What is expected –
Although the entries contain pictures, write out only their text, exactly as it stands.

───── Information ─────

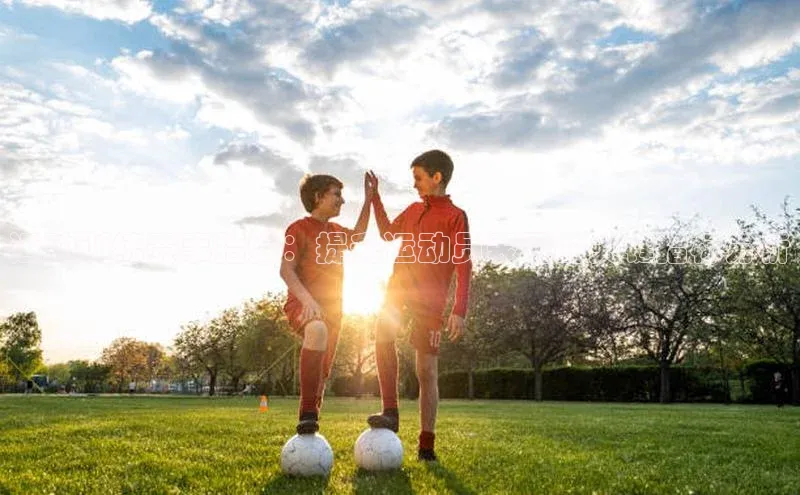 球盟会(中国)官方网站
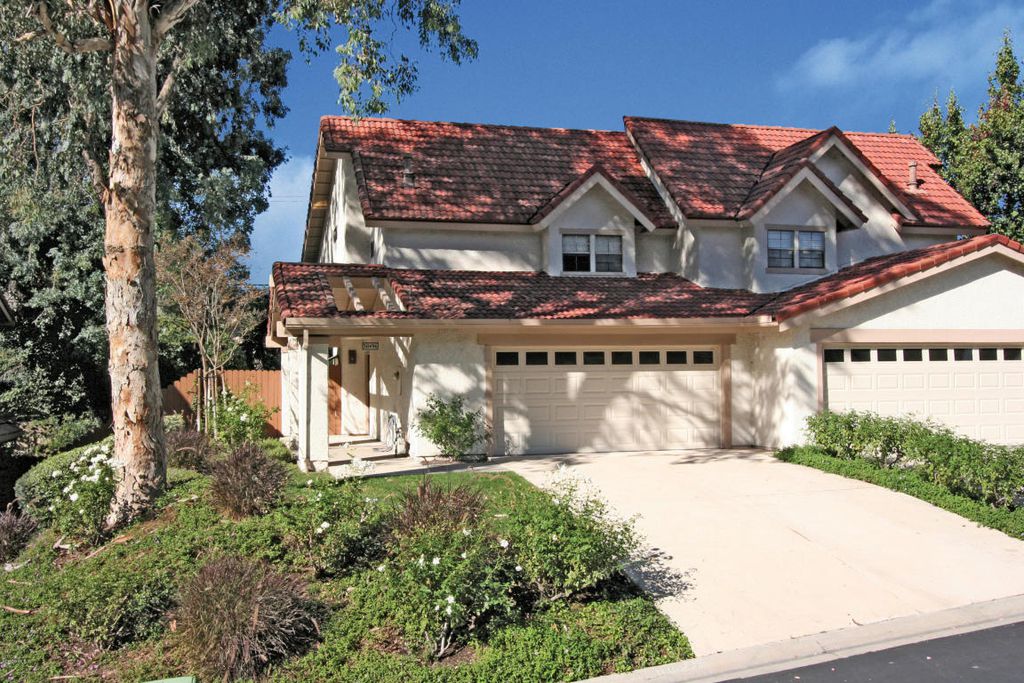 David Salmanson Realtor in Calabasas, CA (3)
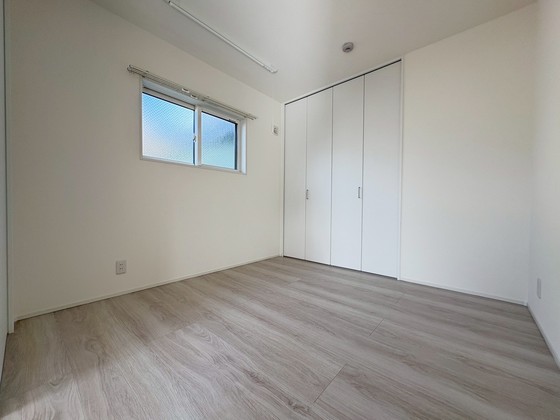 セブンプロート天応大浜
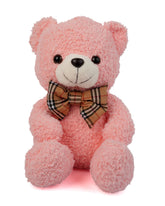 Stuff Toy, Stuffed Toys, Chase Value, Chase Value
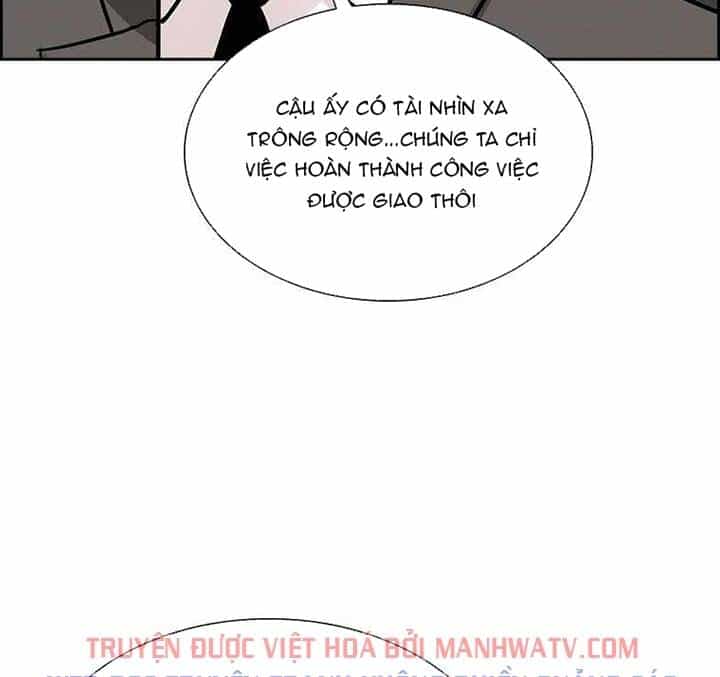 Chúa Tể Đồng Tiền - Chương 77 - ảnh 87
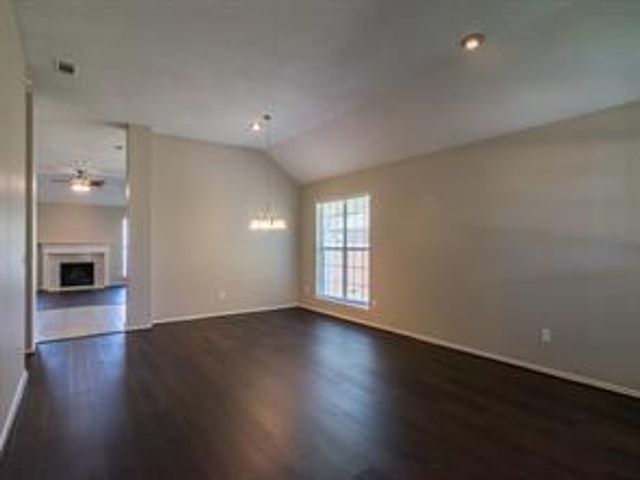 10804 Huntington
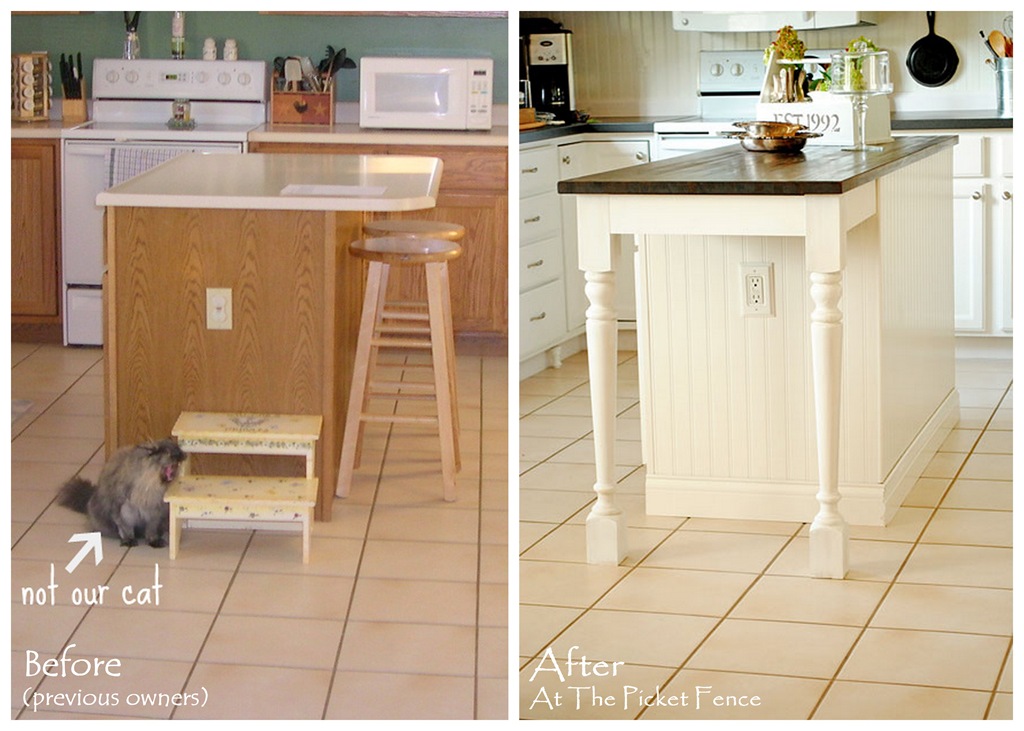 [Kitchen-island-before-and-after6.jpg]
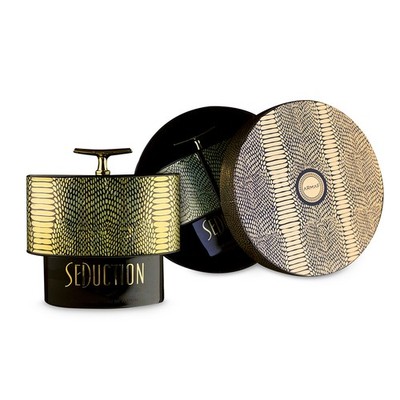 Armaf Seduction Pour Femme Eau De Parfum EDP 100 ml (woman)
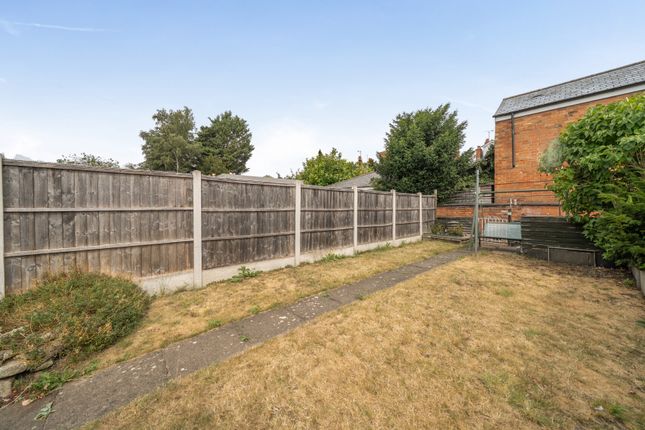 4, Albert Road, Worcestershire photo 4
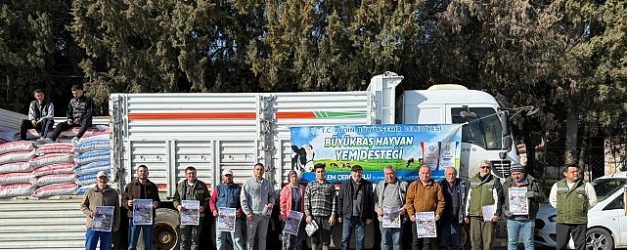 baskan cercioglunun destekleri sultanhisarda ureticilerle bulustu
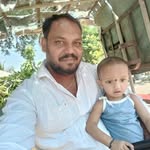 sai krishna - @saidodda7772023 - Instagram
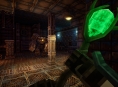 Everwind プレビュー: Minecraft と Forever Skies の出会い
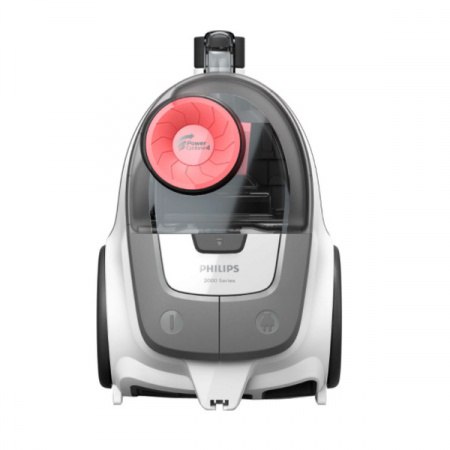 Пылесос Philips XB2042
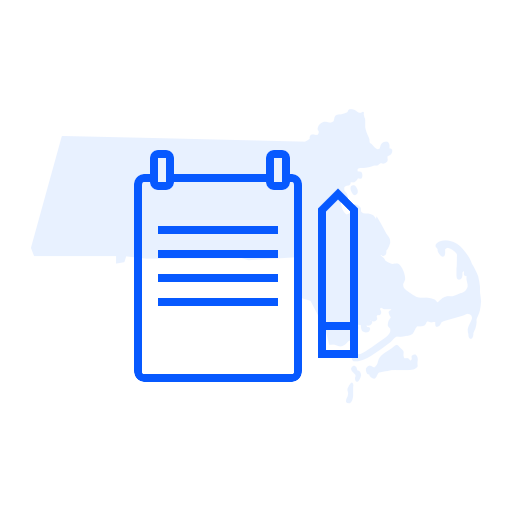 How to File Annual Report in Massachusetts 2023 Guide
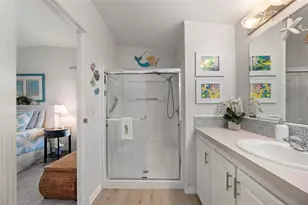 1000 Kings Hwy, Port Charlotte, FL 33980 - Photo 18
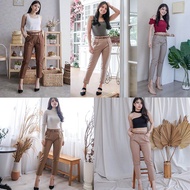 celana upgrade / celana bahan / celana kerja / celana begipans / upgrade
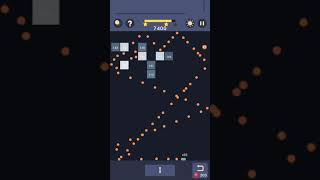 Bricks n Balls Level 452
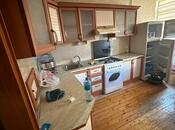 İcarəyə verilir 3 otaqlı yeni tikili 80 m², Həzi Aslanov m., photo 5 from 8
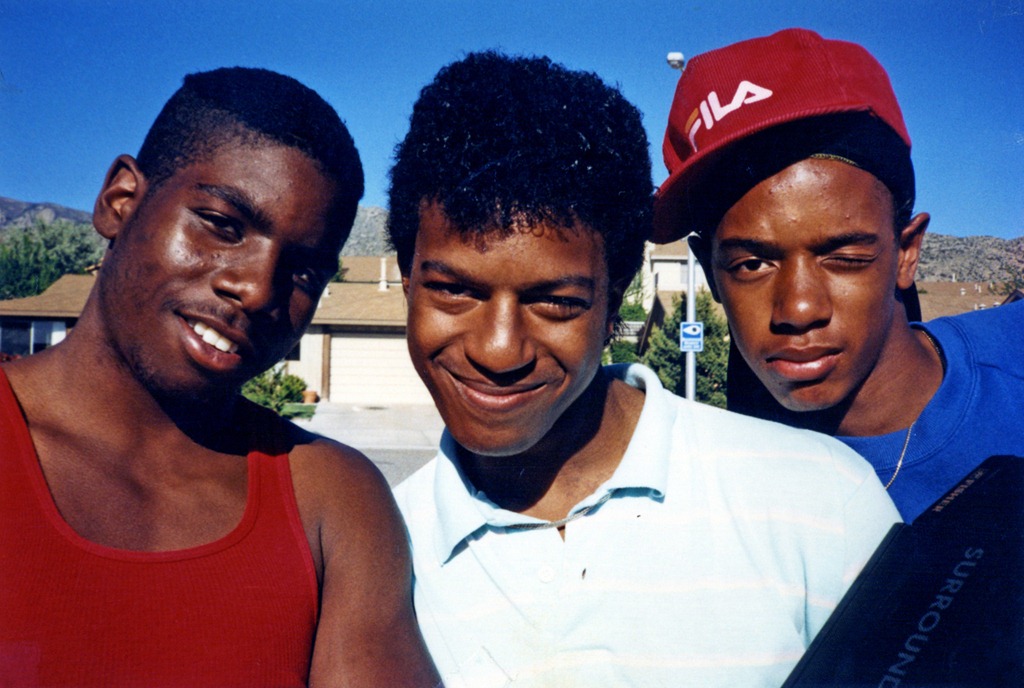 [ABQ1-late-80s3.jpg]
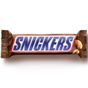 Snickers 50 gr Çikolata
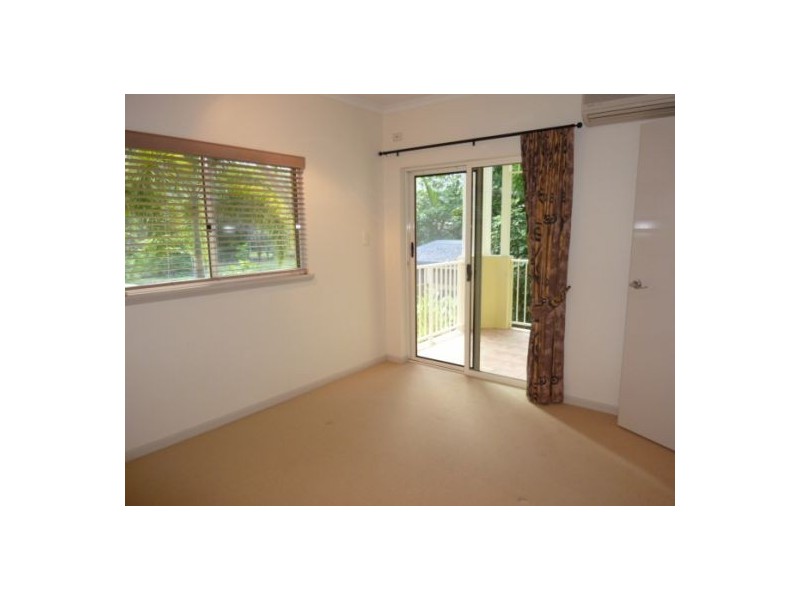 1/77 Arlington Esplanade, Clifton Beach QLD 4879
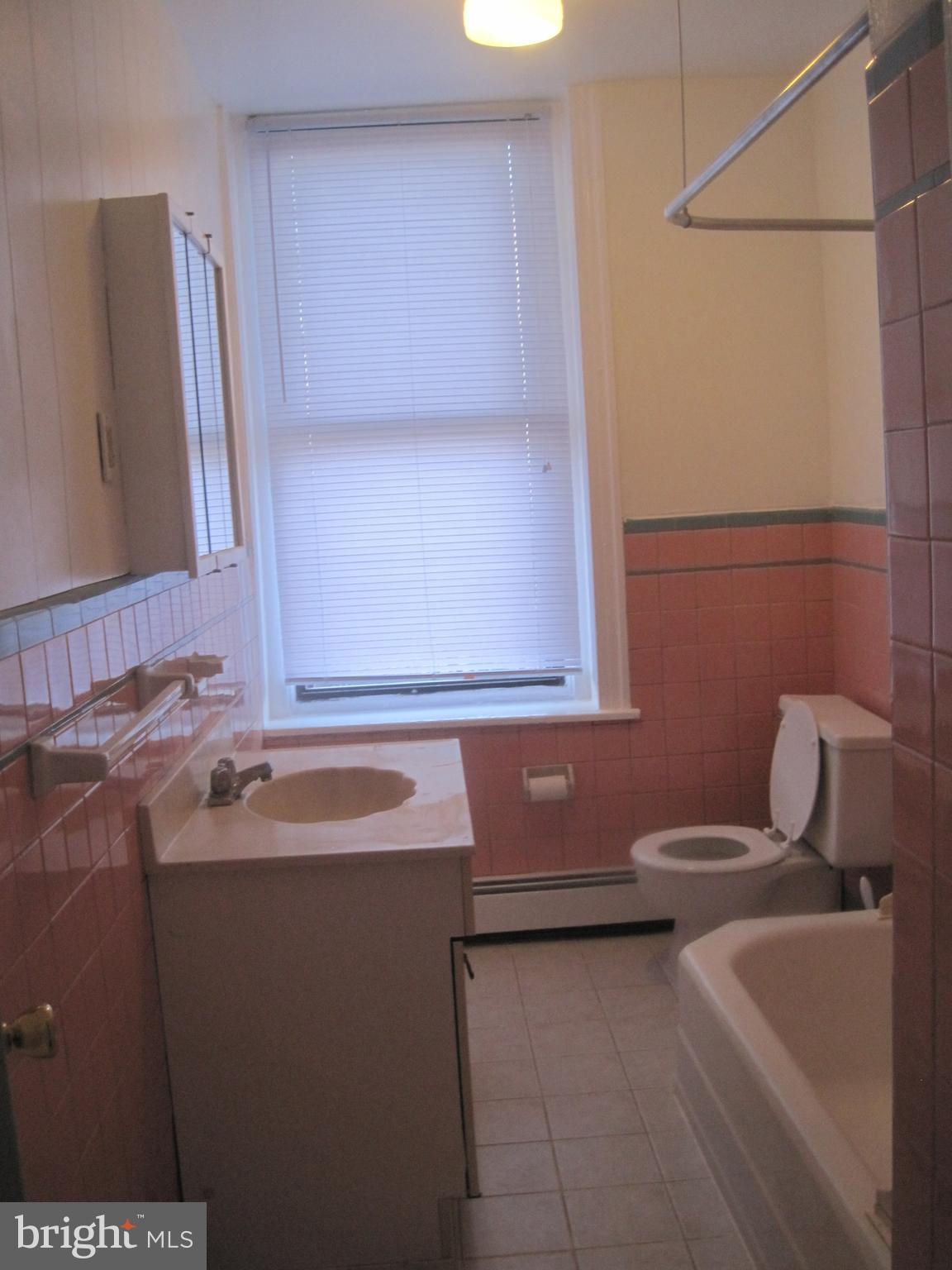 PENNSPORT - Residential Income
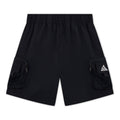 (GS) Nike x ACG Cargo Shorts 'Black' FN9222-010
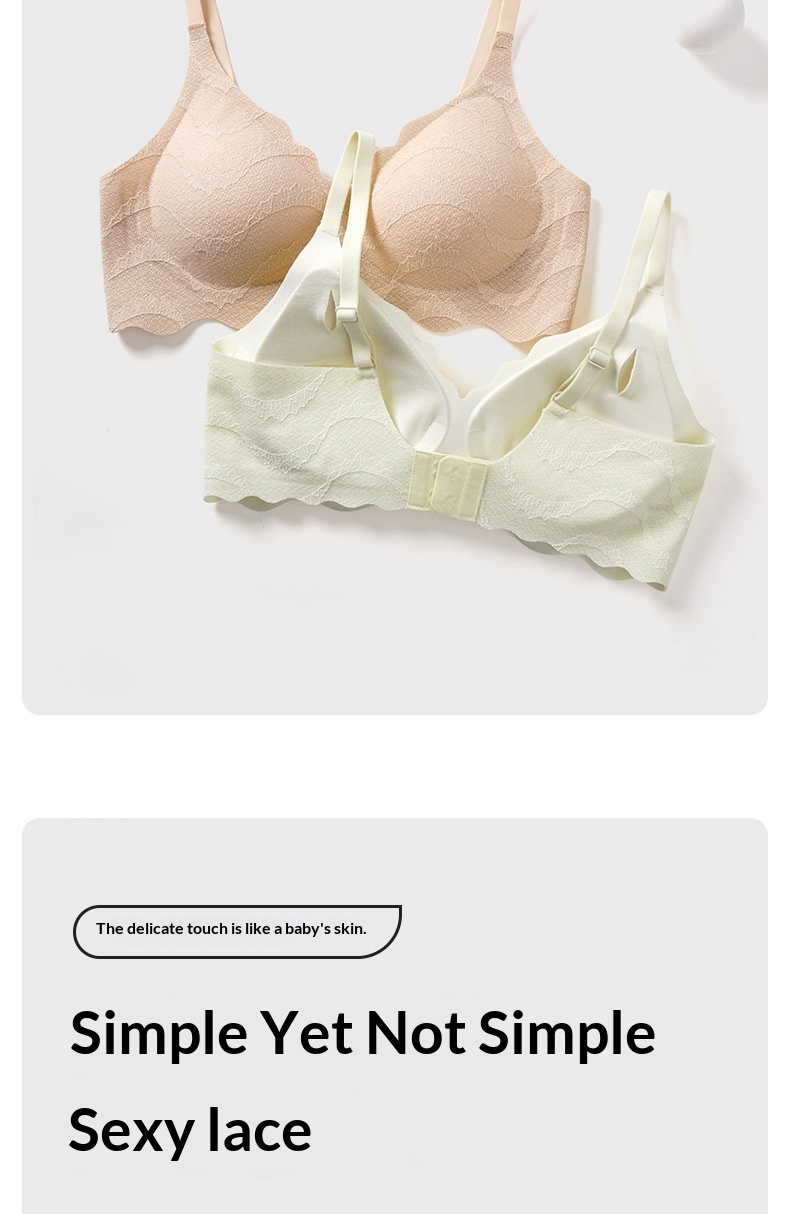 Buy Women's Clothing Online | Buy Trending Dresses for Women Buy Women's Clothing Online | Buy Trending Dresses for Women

─────

Written answer –
 球盟会(中国)官方网站
 David Salmanson Realtor in Calabasas, CA (3)
 セブンプロート天応大浜
 Stuff Toy, Stuffed Toys, Chase Value, Chase Value
 Chúa Tể Đồng Tiền - Chương 77 - ảnh 87
 10804 Huntington
 [Kitchen-island-before-and-after6.jpg]
 Armaf Seduction Pour Femme Eau De Parfum EDP 100 ml (woman)
 4, Albert Road, Worcestershire photo 4
 baskan cercioglunun destekleri sultanhisarda ureticilerle bulustu
 sai krishna - @saidodda7772023 - Instagram
 Everwind プレビュー: Minecraft と Forever Skies の出会い
 Пылесос Philips XB2042
 How to File Annual Report in Massachusetts 2023 Guide
 1000 Kings Hwy, Port Charlotte, FL 33980 - Photo 18
 celana upgrade / celana bahan / celana kerja / celana begipans / upgrade
 Bricks n Balls Level 452
 İcarəyə verilir 3 otaqlı yeni tikili 80 m², Həzi Aslanov m., photo 5 from 8
 [ABQ1-late-80s3.jpg]
 Snickers 50 gr Çikolata
 1/77 Arlington Esplanade, Clifton Beach QLD 4879
 PENNSPORT - Residential Income
 (GS) Nike x ACG Cargo Shorts 'Black' FN9222-010
 Buy Women's Clothing Online | Buy Trending Dresses for Women Buy Women's Clothing Online | Buy Trending Dresses for Women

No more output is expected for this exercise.